_What you have to do_: After locating the line that holds "ADIDAS SHOE ADIZERO", repeat it and each following line exactly until the material ends, skipping pictures.
[Opening Source material section]
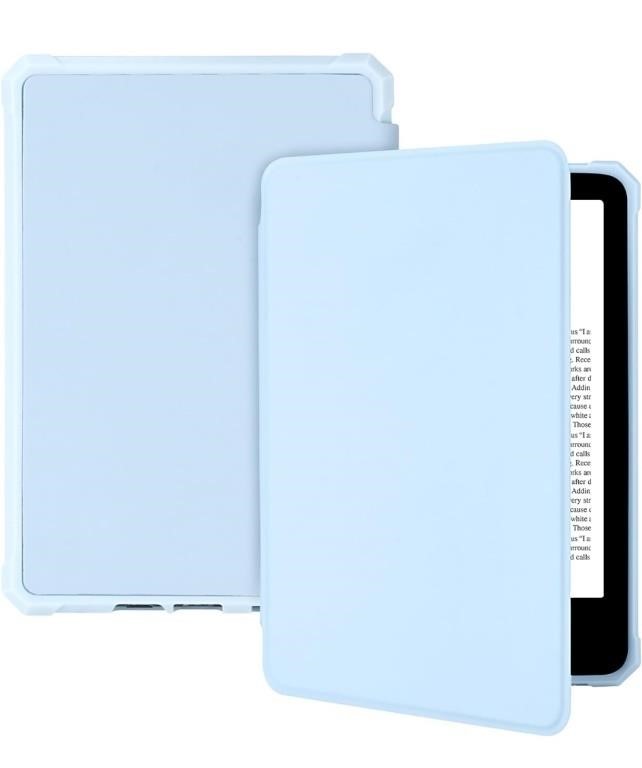 New - Kindle Case for 6" All-New (11th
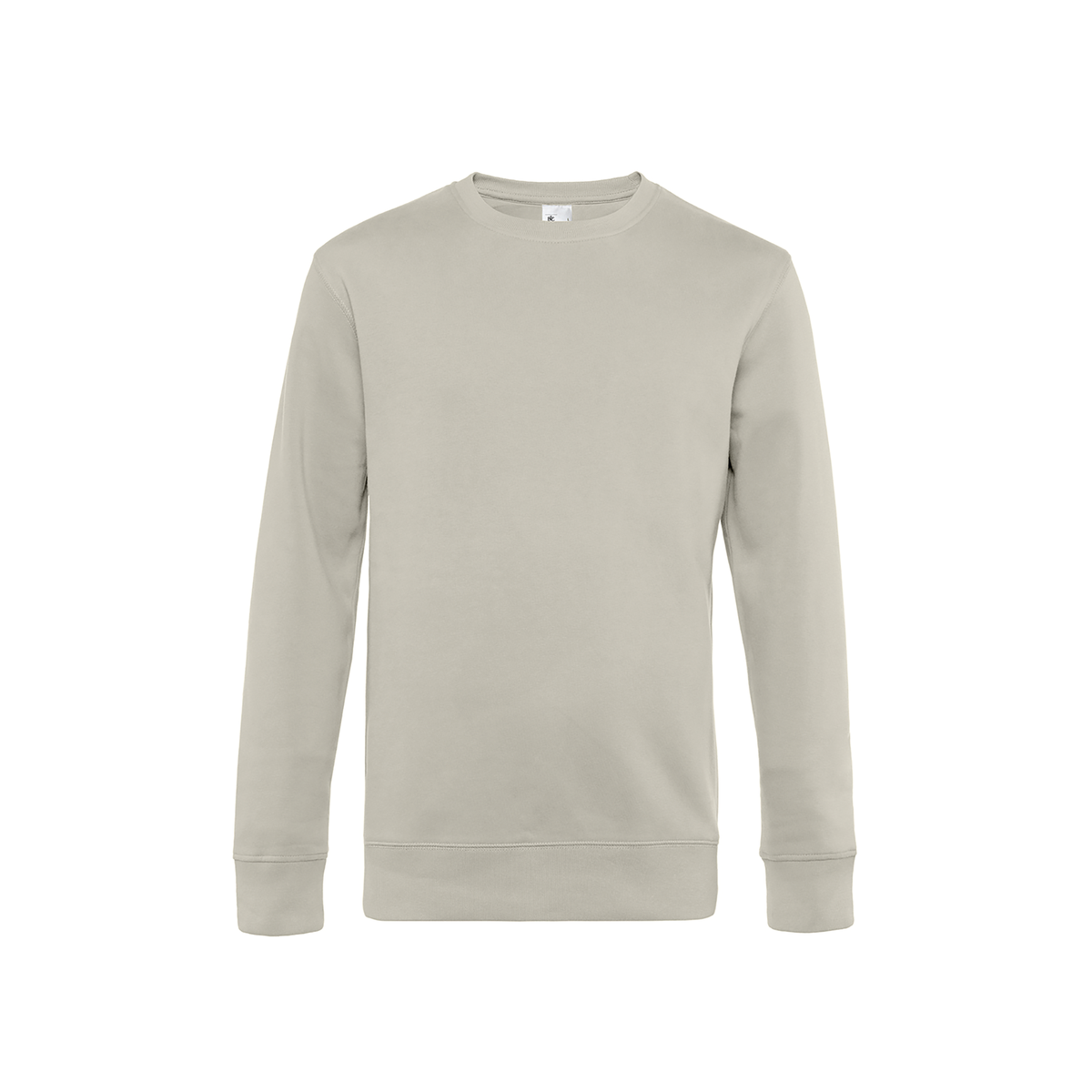 B&C CGWU01K Grey Fog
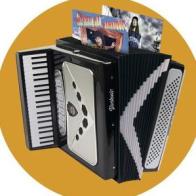 &laquo;Странный Эл&raquo; Янкович переиздаёт все свои альбомы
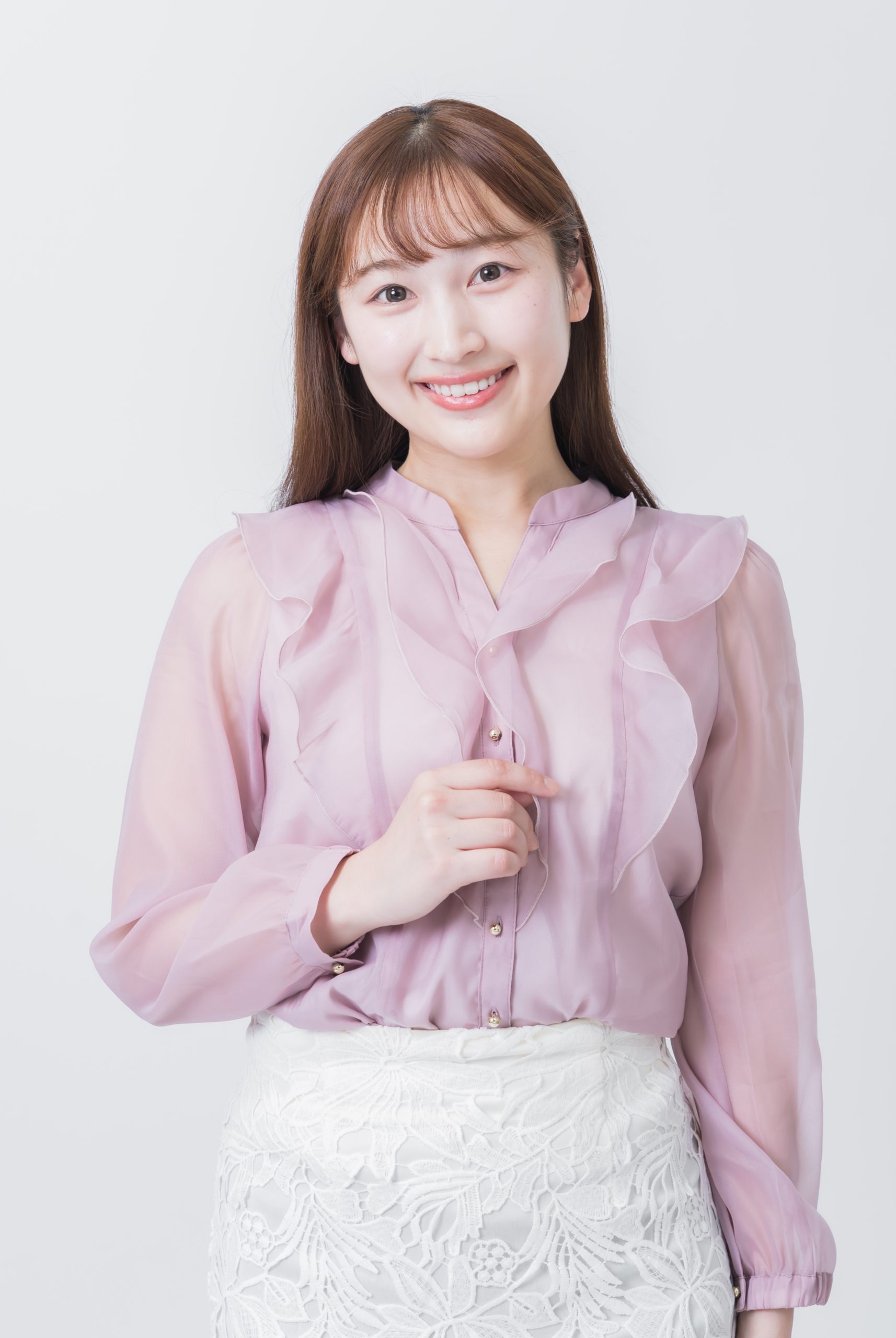 溝渕麻莉亜｜TRUSTAR Official Website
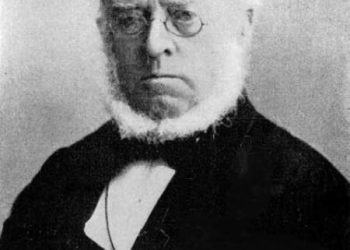 Adolph von Menzel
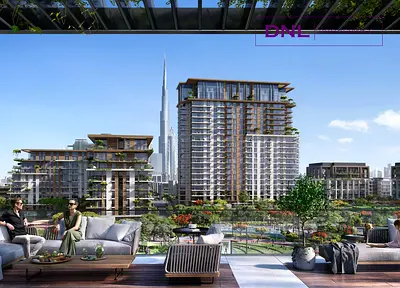 Cheapest Price | Payment Plan | Private Balcony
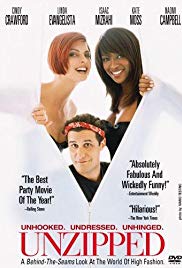 Watch Free Unzipped (1995)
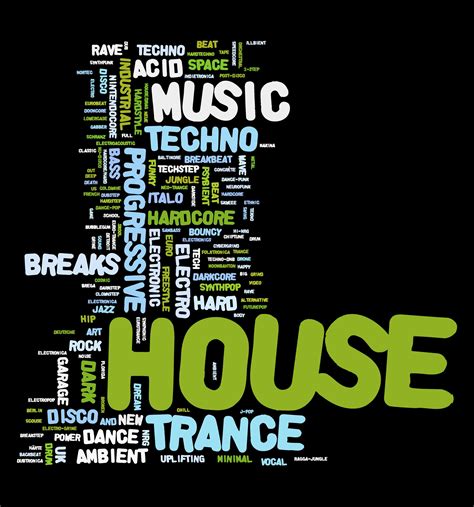 The other music worlds are not studied and analyzed in musicmap, as their music genres do not apply as popular music. What's Your Favorite Genre? Reader Poll | Your EDM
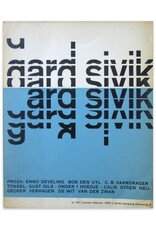 Bob den Uyl - De deur [in: Gard Sivik 30. 6e jaargang Afl. 6]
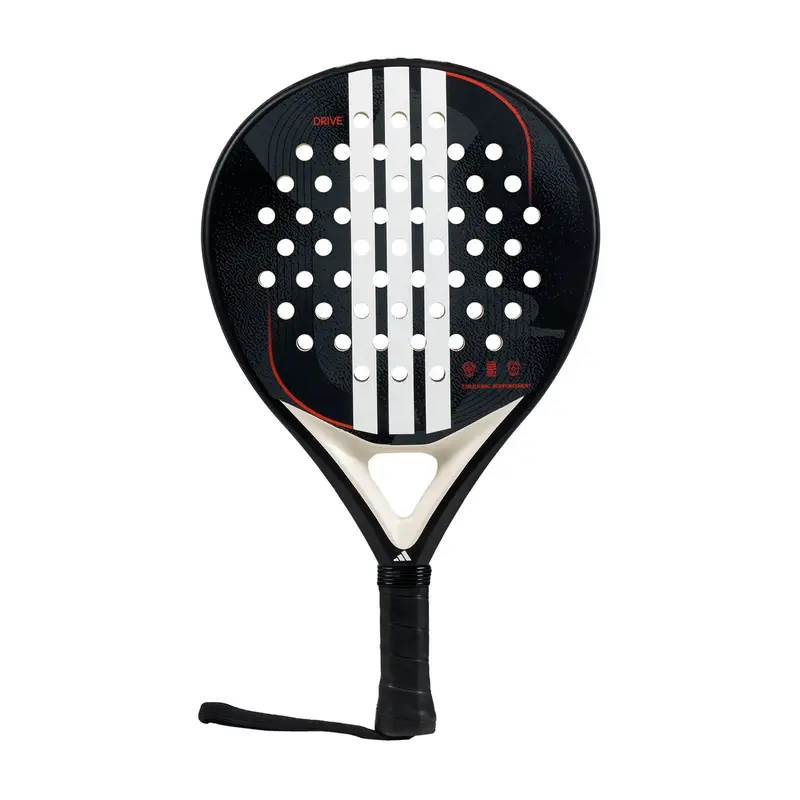 Adidas Drive Black 3.4 2025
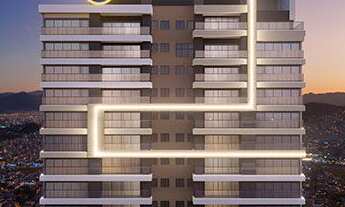 Imagem 3: Apartamento à venda no bairro Centro - Balneário Camboriú/SC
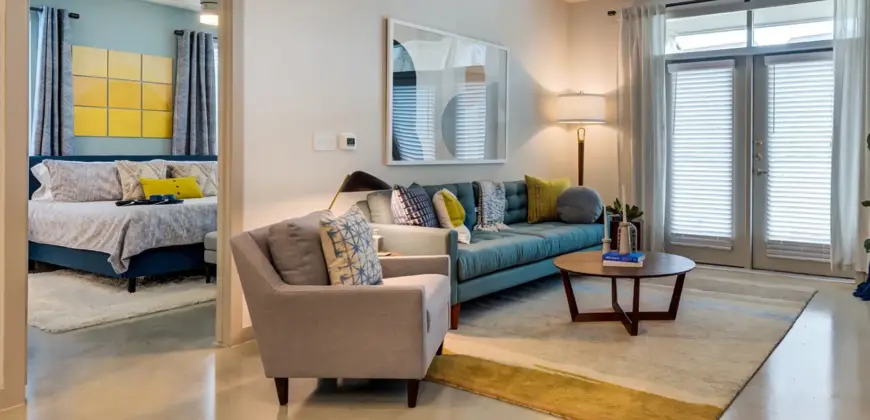 Citadel At Tech Ridge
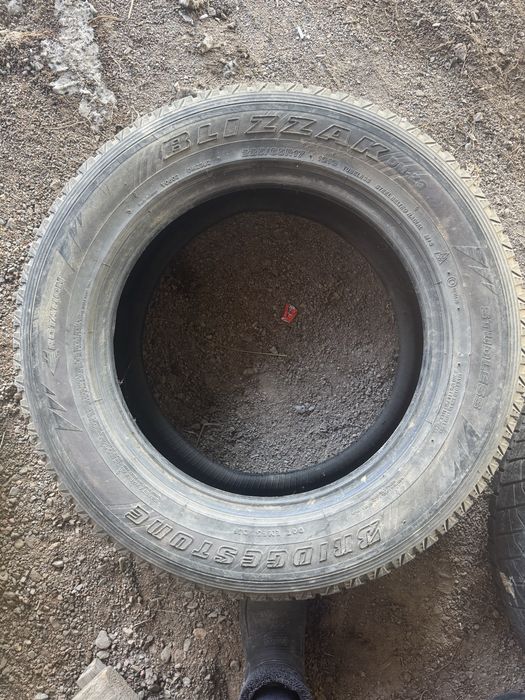 Диски на Prado R18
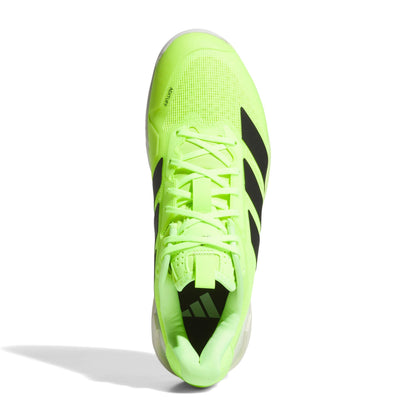 ADIDAS SHOE ADIZERO UBERSONIC 5 MN LUCID LEMON/BLACK/WHITE (SS25)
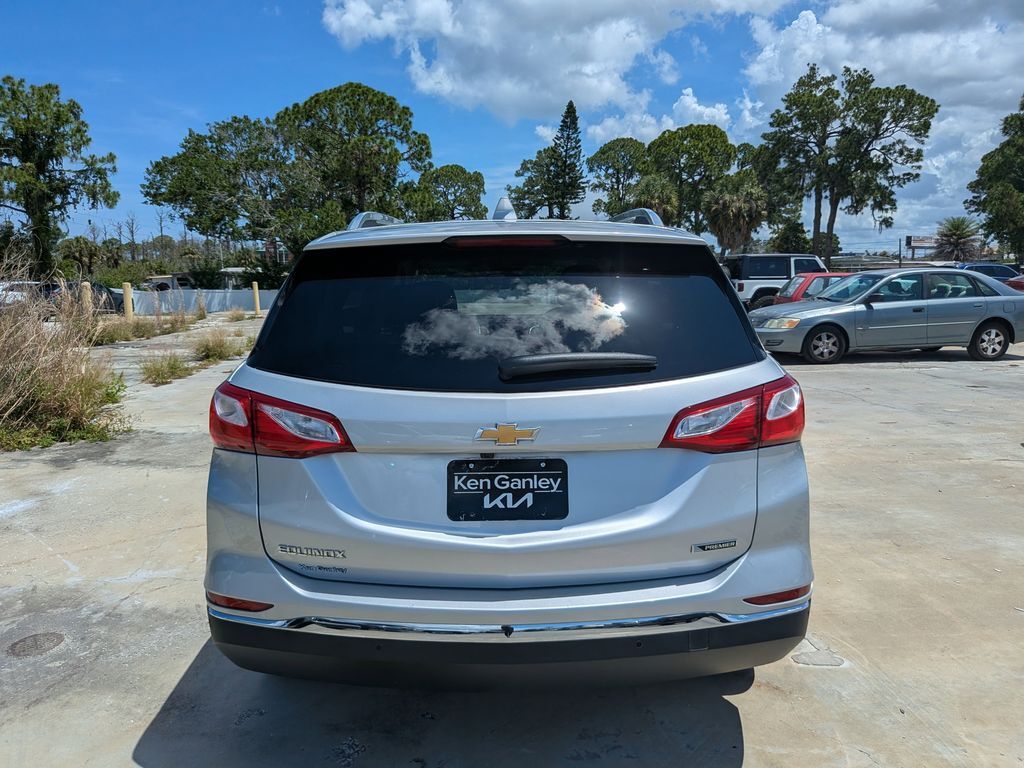 2018 Chevrolet Equinox Premier San Clemente CA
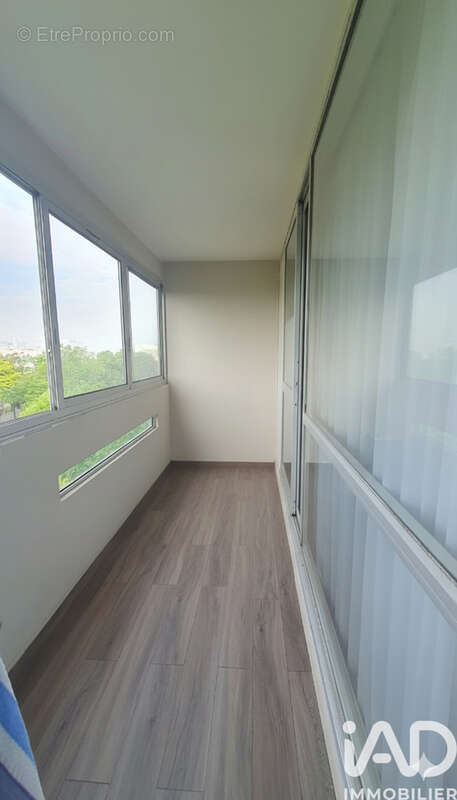 Photo 8 - Appartement à SARTROUVILLE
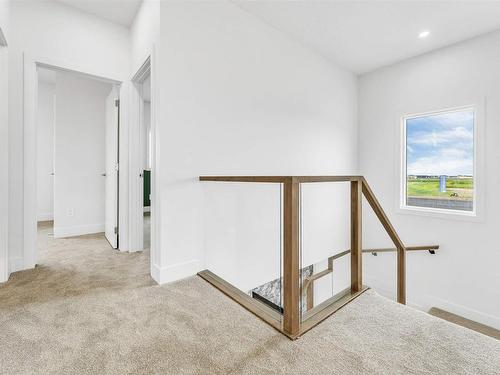 2521 62 Avenue, Rural Leduc County, AB - Indoor Photo Showing Other Room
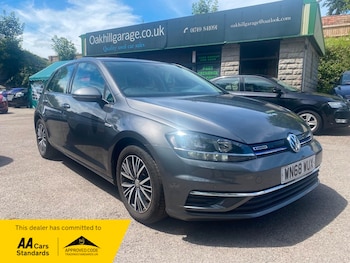 Used Volkswagen Golf 2018 for sale - 79142891: Photo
[Closing Source material section]
_Response_:
 ADIDAS SHOE ADIZERO UBERSONIC 5 MN LUCID LEMON/BLACK/WHITE (SS25)
 2018 Chevrolet Equinox Premier San Clemente CA
 Photo 8 - Appartement à SARTROUVILLE
 2521 62 Avenue, Rural Leduc County, AB - Indoor Photo Showing Other Room
 Used Volkswagen Golf 2018 for sale - 79142891: Photo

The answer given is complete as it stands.